What you are asked to do -> From start to end of the material below, restate each line exactly.

Record excerpts ->
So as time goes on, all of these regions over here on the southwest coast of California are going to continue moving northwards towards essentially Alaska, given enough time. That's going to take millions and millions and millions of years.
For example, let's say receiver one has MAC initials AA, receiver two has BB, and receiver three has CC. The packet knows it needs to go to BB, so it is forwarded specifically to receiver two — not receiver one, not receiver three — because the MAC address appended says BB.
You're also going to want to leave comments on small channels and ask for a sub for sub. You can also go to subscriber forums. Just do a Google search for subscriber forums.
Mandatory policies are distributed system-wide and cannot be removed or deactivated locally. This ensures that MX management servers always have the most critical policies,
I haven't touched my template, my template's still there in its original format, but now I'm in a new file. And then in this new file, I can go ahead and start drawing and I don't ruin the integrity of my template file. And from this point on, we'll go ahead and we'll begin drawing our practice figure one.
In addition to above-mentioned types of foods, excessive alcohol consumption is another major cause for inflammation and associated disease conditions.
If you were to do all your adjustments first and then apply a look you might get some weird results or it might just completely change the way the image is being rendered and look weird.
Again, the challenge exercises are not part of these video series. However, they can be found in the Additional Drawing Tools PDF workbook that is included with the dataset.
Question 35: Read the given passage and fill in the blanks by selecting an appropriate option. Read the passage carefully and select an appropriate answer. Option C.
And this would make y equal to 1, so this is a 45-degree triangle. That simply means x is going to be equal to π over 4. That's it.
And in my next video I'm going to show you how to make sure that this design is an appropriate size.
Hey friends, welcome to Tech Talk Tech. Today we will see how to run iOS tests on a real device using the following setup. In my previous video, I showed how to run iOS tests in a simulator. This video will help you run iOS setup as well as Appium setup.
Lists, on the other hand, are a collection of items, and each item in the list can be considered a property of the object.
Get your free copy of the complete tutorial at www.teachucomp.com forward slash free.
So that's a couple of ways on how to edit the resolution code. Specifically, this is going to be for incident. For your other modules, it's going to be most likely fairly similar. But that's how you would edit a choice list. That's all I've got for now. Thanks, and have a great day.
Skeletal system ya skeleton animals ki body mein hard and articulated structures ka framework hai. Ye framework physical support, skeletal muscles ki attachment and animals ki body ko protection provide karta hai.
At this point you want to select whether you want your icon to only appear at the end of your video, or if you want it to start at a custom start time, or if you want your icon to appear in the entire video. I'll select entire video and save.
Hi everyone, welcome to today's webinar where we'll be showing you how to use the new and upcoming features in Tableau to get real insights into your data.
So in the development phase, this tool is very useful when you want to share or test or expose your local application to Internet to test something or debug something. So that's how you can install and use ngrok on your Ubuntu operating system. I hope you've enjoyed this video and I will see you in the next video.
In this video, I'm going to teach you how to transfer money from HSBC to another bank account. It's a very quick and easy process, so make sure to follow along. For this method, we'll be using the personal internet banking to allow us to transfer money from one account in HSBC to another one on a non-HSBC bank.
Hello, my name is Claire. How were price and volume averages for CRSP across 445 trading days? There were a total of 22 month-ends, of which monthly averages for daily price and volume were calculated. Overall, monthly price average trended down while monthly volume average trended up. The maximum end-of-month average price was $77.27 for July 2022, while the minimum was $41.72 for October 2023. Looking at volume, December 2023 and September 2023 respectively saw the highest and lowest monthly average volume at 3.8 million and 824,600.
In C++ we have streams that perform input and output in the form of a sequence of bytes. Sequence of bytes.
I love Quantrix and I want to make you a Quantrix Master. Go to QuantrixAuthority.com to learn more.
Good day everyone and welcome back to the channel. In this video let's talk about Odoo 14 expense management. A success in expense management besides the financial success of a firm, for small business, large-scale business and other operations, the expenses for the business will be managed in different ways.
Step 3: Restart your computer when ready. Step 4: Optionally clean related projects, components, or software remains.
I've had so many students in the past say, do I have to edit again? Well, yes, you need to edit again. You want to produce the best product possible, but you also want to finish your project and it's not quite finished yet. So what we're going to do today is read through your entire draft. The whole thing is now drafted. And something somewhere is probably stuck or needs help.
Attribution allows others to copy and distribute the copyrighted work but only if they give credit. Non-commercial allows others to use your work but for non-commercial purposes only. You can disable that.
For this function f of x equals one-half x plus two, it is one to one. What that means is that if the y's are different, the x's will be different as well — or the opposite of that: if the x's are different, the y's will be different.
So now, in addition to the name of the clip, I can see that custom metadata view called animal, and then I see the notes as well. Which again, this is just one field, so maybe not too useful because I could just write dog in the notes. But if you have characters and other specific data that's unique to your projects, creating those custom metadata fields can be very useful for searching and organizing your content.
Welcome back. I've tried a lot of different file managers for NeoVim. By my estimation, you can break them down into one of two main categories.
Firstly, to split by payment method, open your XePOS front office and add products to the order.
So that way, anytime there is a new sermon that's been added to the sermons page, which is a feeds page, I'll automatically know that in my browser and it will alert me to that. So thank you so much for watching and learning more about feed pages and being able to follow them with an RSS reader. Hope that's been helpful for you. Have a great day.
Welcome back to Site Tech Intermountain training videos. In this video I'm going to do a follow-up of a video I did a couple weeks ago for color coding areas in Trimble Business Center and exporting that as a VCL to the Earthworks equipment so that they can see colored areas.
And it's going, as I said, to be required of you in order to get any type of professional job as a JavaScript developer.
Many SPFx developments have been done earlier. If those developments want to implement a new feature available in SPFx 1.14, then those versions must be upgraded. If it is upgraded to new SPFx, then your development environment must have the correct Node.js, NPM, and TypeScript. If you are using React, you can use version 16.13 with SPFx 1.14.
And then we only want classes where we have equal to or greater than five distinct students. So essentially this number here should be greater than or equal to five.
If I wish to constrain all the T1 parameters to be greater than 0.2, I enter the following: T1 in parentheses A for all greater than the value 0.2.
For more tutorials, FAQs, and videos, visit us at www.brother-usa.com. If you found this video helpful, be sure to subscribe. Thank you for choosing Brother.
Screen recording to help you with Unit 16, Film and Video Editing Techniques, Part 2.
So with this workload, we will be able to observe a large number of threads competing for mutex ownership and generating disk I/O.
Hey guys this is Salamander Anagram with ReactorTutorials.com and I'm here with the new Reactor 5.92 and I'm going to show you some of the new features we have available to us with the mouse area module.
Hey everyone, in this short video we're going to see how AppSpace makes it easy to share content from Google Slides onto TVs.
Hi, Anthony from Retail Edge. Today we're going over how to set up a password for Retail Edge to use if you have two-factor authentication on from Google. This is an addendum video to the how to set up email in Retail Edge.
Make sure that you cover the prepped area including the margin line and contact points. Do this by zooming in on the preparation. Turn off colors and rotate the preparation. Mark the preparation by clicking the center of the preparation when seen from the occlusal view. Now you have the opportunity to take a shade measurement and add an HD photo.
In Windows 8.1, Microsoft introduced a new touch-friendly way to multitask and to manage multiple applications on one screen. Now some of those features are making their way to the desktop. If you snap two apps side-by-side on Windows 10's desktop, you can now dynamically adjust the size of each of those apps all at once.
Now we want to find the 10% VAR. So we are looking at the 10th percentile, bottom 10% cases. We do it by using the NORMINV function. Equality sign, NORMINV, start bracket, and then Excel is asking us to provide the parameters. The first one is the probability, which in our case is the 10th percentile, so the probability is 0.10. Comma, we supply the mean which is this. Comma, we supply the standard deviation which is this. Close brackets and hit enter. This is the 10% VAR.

Answer for the task ->
So as time goes on, all of these regions over here on the southwest coast of California are going to continue moving northwards towards essentially Alaska, given enough time. That's going to take millions and millions and millions of years.
For example, let's say receiver one has MAC initials AA, receiver two has BB, and receiver three has CC. The packet knows it needs to go to BB, so it is forwarded specifically to receiver two — not receiver one, not receiver three — because the MAC address appended says BB.
You're also going to want to leave comments on small channels and ask for a sub for sub. You can also go to subscriber forums. Just do a Google search for subscriber forums.
Mandatory policies are distributed system-wide and cannot be removed or deactivated locally. This ensures that MX management servers always have the most critical policies,
I haven't touched my template, my template's still there in its original format, but now I'm in a new file. And then in this new file, I can go ahead and start drawing and I don't ruin the integrity of my template file. And from this point on, we'll go ahead and we'll begin drawing our practice figure one.
In addition to above-mentioned types of foods, excessive alcohol consumption is another major cause for inflammation and associated disease conditions.
If you were to do all your adjustments first and then apply a look you might get some weird results or it might just completely change the way the image is being rendered and look weird.
Again, the challenge exercises are not part of these video series. However, they can be found in the Additional Drawing Tools PDF workbook that is included with the dataset.
Question 35: Read the given passage and fill in the blanks by selecting an appropriate option. Read the passage carefully and select an appropriate answer. Option C.
And this would make y equal to 1, so this is a 45-degree triangle. That simply means x is going to be equal to π over 4. That's it.
And in my next video I'm going to show you how to make sure that this design is an appropriate size.
Hey friends, welcome to Tech Talk Tech. Today we will see how to run iOS tests on a real device using the following setup. In my previous video, I showed how to run iOS tests in a simulator. This video will help you run iOS setup as well as Appium setup.
Lists, on the other hand, are a collection of items, and each item in the list can be considered a property of the object.
Get your free copy of the complete tutorial at www.teachucomp.com forward slash free.
So that's a couple of ways on how to edit the resolution code. Specifically, this is going to be for incident. For your other modules, it's going to be most likely fairly similar. But that's how you would edit a choice list. That's all I've got for now. Thanks, and have a great day.
Skeletal system ya skeleton animals ki body mein hard and articulated structures ka framework hai. Ye framework physical support, skeletal muscles ki attachment and animals ki body ko protection provide karta hai.
At this point you want to select whether you want your icon to only appear at the end of your video, or if you want it to start at a custom start time, or if you want your icon to appear in the entire video. I'll select entire video and save.
Hi everyone, welcome to today's webinar where we'll be showing you how to use the new and upcoming features in Tableau to get real insights into your data.
So in the development phase, this tool is very useful when you want to share or test or expose your local application to Internet to test something or debug something. So that's how you can install and use ngrok on your Ubuntu operating system. I hope you've enjoyed this video and I will see you in the next video.
In this video, I'm going to teach you how to transfer money from HSBC to another bank account. It's a very quick and easy process, so make sure to follow along. For this method, we'll be using the personal internet banking to allow us to transfer money from one account in HSBC to another one on a non-HSBC bank.
Hello, my name is Claire. How were price and volume averages for CRSP across 445 trading days? There were a total of 22 month-ends, of which monthly averages for daily price and volume were calculated. Overall, monthly price average trended down while monthly volume average trended up. The maximum end-of-month average price was $77.27 for July 2022, while the minimum was $41.72 for October 2023. Looking at volume, December 2023 and September 2023 respectively saw the highest and lowest monthly average volume at 3.8 million and 824,600.
In C++ we have streams that perform input and output in the form of a sequence of bytes. Sequence of bytes.
I love Quantrix and I want to make you a Quantrix Master. Go to QuantrixAuthority.com to learn more.
Good day everyone and welcome back to the channel. In this video let's talk about Odoo 14 expense management. A success in expense management besides the financial success of a firm, for small business, large-scale business and other operations, the expenses for the business will be managed in different ways.
Step 3: Restart your computer when ready. Step 4: Optionally clean related projects, components, or software remains.
I've had so many students in the past say, do I have to edit again? Well, yes, you need to edit again. You want to produce the best product possible, but you also want to finish your project and it's not quite finished yet. So what we're going to do today is read through your entire draft. The whole thing is now drafted. And something somewhere is probably stuck or needs help.
Attribution allows others to copy and distribute the copyrighted work but only if they give credit. Non-commercial allows others to use your work but for non-commercial purposes only. You can disable that.
For this function f of x equals one-half x plus two, it is one to one. What that means is that if the y's are different, the x's will be different as well — or the opposite of that: if the x's are different, the y's will be different.
So now, in addition to the name of the clip, I can see that custom metadata view called animal, and then I see the notes as well. Which again, this is just one field, so maybe not too useful because I could just write dog in the notes. But if you have characters and other specific data that's unique to your projects, creating those custom metadata fields can be very useful for searching and organizing your content.
Welcome back. I've tried a lot of different file managers for NeoVim. By my estimation, you can break them down into one of two main categories.
Firstly, to split by payment method, open your XePOS front office and add products to the order.
So that way, anytime there is a new sermon that's been added to the sermons page, which is a feeds page, I'll automatically know that in my browser and it will alert me to that. So thank you so much for watching and learning more about feed pages and being able to follow them with an RSS reader. Hope that's been helpful for you. Have a great day.
Welcome back to Site Tech Intermountain training videos. In this video I'm going to do a follow-up of a video I did a couple weeks ago for color coding areas in Trimble Business Center and exporting that as a VCL to the Earthworks equipment so that they can see colored areas.
And it's going, as I said, to be required of you in order to get any type of professional job as a JavaScript developer.
Many SPFx developments have been done earlier. If those developments want to implement a new feature available in SPFx 1.14, then those versions must be upgraded. If it is upgraded to new SPFx, then your development environment must have the correct Node.js, NPM, and TypeScript. If you are using React, you can use version 16.13 with SPFx 1.14.
And then we only want classes where we have equal to or greater than five distinct students. So essentially this number here should be greater than or equal to five.
If I wish to constrain all the T1 parameters to be greater than 0.2, I enter the following: T1 in parentheses A for all greater than the value 0.2.
For more tutorials, FAQs, and videos, visit us at www.brother-usa.com. If you found this video helpful, be sure to subscribe. Thank you for choosing Brother.
Screen recording to help you with Unit 16, Film and Video Editing Techniques, Part 2.
So with this workload, we will be able to observe a large number of threads competing for mutex ownership and generating disk I/O.
Hey guys this is Salamander Anagram with ReactorTutorials.com and I'm here with the new Reactor 5.92 and I'm going to show you some of the new features we have available to us with the mouse area module.
Hey everyone, in this short video we're going to see how AppSpace makes it easy to share content from Google Slides onto TVs.
Hi, Anthony from Retail Edge. Today we're going over how to set up a password for Retail Edge to use if you have two-factor authentication on from Google. This is an addendum video to the how to set up email in Retail Edge.
Make sure that you cover the prepped area including the margin line and contact points. Do this by zooming in on the preparation. Turn off colors and rotate the preparation. Mark the preparation by clicking the center of the preparation when seen from the occlusal view. Now you have the opportunity to take a shade measurement and add an HD photo.
In Windows 8.1, Microsoft introduced a new touch-friendly way to multitask and to manage multiple applications on one screen. Now some of those features are making their way to the desktop. If you snap two apps side-by-side on Windows 10's desktop, you can now dynamically adjust the size of each of those apps all at once.
Now we want to find the 10% VAR. So we are looking at the 10th percentile, bottom 10% cases. We do it by using the NORMINV function. Equality sign, NORMINV, start bracket, and then Excel is asking us to provide the parameters. The first one is the probability, which in our case is the 10th percentile, so the probability is 0.10. Comma, we supply the mean which is this. Comma, we supply the standard deviation which is this. Close brackets and hit enter. This is the 10% VAR.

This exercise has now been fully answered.